# BigQuery - Extracting Data

This notebook demonstrates how you can run a SQL query to extract data from BigQuery and stream the results to a local file, or to a file in GCS, rather than into memory. This maybe useful for resultsets that are too large to directly fit into memory all at once.

This notebook uses a sample dataset of request logs data from a web server.

Related Links:

* [BigQuery](https://cloud.google.com/bigquery/)
* BigQuery [SQL reference](https://cloud.google.com/bigquery/query-reference)

----

NOTE:

* If you're new to notebooks, or want to check out additional samples, check out the full [list](..) of notebooks.

In [1]:
import gcp
import gcp.bigquery as bq
import gcp.storage as gcs

# Querying BigQuery

First we'll define the query we want to use to retrieve results.

In [2]:
%%sql --module data
SELECT * FROM [cloud-datalab:sampledata.requestlogs_20140615] LIMIT 100000

Lets sample it, to get a sense of the data that will be extracted when the full query is executed.

In [3]:
bq.Query(data).sample()

# Extracting Results to a Local File

You can use the `to_file` method on the query object to stream down results.
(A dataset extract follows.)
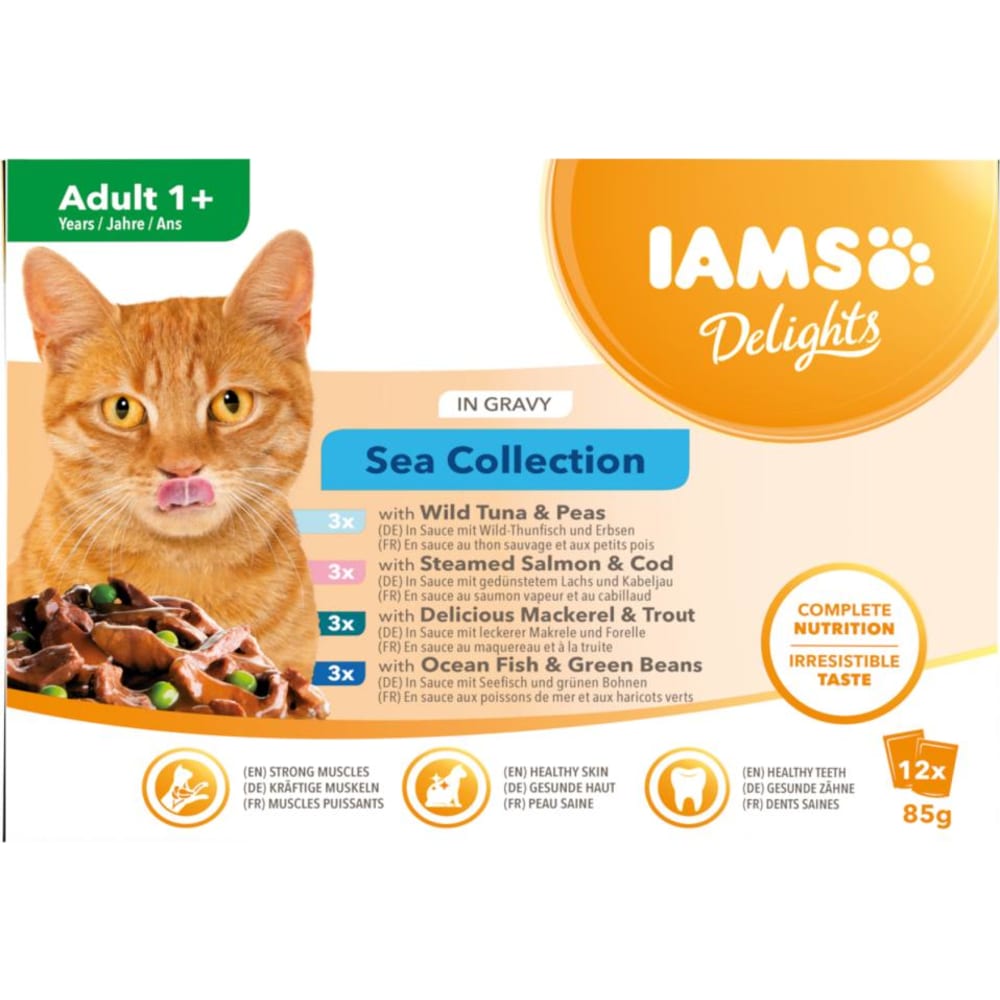 IAMS DELIGHT CAT - fiskesmag blanding i sovs, voksen kat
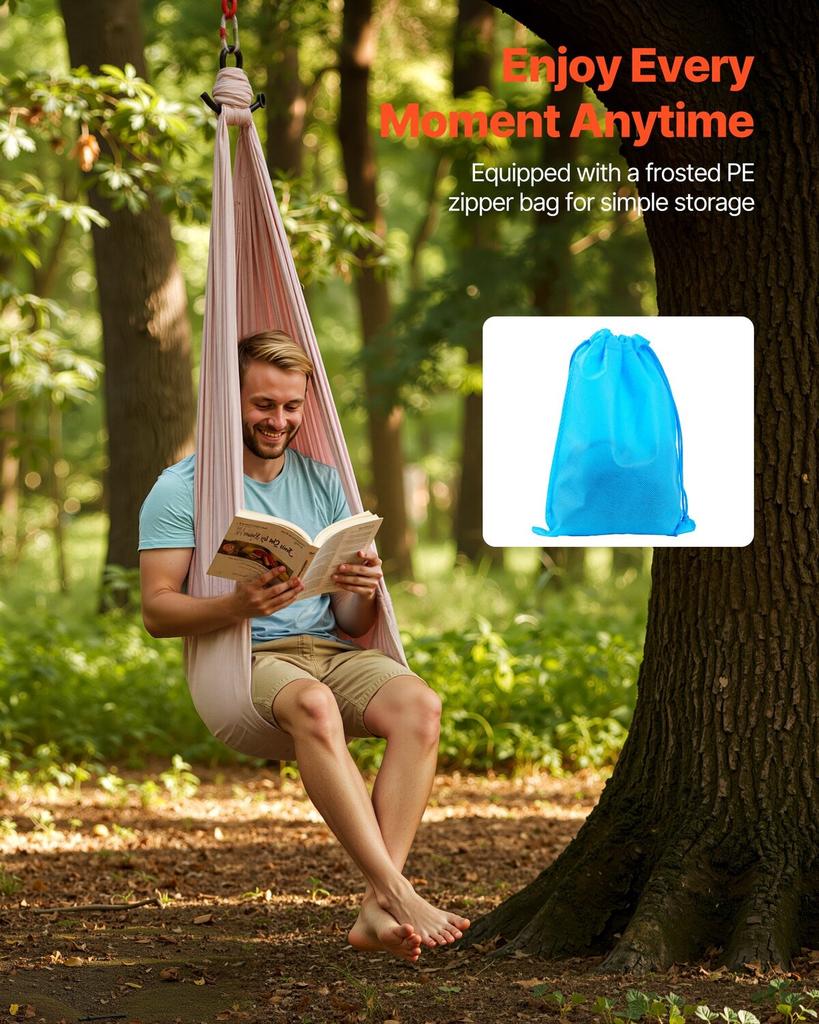 Aerial Yoga Hammock, 136.07 Kg Load Aerial Silk, Yoga Swing with Nylon Fabric, PE Zipper Bag for Parent-Child Interaction, Strengthen Muscles &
Note that this can take some while for all the data to become available locally.

In [4]:
bq.Query(data).to_file('/tmp/data.csv')

'/tmp/data.csv'

To verify, lets open the file and read a few lines in. We expect to see the column headers in the first line, followed by a sample of individual data rows seen earlier.

In [5]:
with open('/tmp/data.csv') as datafile:
    head = [next(datafile) for x in xrange(6)]
print ''.join(head)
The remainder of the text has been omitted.